I talk sometimes about how being a high school football coach was some of the greatest leadership development training I could have asked for. One of the biggest lessons I learned was about how important it is to be both a leader and a facilitator. From the sidelines, I couldn’t possibly know what was going on at all times on the field. So I had to facilitate honest, one-on-one dialogue with each player so that I could learn what was really happening and, in turn, be able to make the best choices for the team. And I also had to cultivate an environment of enough trust where they felt comfortable telling me the truth versus what they thought I wanted to hear.
In the business world, likewise, leading and facilitating are not the same -- especially when it comes to meetings -- and not understanding the difference can kill the potential ROI of the meeting. But not everyone gets to learn this in an immersive environment like a football field, and maybe that’s why I’ve found that this leading-facilitating balance is something that even many otherwise excellent bosses overlook. Here’s how to make sure you strike a balance between the two when you host meetings or other intra-company gatherings.
First, above all else, you have to understand the difference. Facilitating a meeting means that you're interested in the process and what's taking place between people. If you're leading, you're interested in the result -- what's going to happen because these people got together. Now, these are both important! But balancing the two means understanding what each of them means and what your role is in ensuring that each happens.
Then, you have to understand what happens when one element is lacking. When you’re too focused on facilitating rather than leading, meetings can wind up with no outcome and no action items. This is a fast-track ticket to ensuring that your team is frustrated and feels like they can’t get anything done. It’s kind of a paradox -- often when you’re trying to make the meeting as inclusive as possible, too many opinions get in the mix and things get off track. If a situation requires quick action, this can be a serious problem. Meanwhile, if your sole focus is to lead, the process can sometimes be damaging to the participants in the meeting. They get increasingly passive and unwilling to speak up, especially if they think that something they want to say might deviate from your agenda or your preferred outcome.
If either of these situations is getting in the way of hosting successful meetings for you -- a lack of outcomes, or a lack of input -- your problem likely is an imbalance between leading and facilitating.
Want to make a change? Pay close attention to process and structure, not just the subject and outcome of the meeting. As an example, one simple thing I like to do a lot if I'm going to have a brainstorming session of some kind or I need input, I always give people one or two minutes to write down on a blank piece of paper their ideas before we start talking. This ensures that diverse opinions are welcomed and heard, but in a clear and compartmentalized prelude to the meeting that ensures outcomes and decisions won’t get off track.

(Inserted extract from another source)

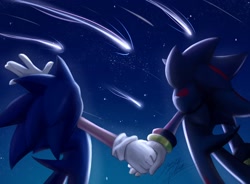 Size: 2048x1506 | Tagged: safe, artist:yami_pu3lla, shadow the hedgehog, sonic the hedgehog, 2025, abstract background, back view, duo, gay, hand up, holding hands, looking offscreen, nighttime, outdoors, shadow x sonic, shipping, shooting star, signature, standing, star (sky)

Also, consider the roles that a meeting requires. From timekeeping to recording minutes to tracking decisions, there are numerous concrete ways for individuals to take on specific tasks that give them meaningful contributor roles while simultaneously ensuring the meeting stays on course and produces outcomes. As a hybrid leader-facilitator, you’ll also want to rotate through these roles throughout the months or years.
Finally, sociability is also important. People work harder for people they know and like, and putting a face to a name has often unseen benefits. There's really interesting research about this in the medical world: If radiology imaging work is accompanied by a photo of the patient, the radiologist is less likely to make errors in diagnosis and treatment. It’s a small dose of humanity, and it works. The lesson for those of us who host meetings is to get to know the people in them on a person-to-person level. You’ll be better attuned to both individual needs and group dynamics and you may pick up on nuances you’d miss otherwise.
In other words: at the core of everything in your development as a leader, including how to run effective meetings, is humanity.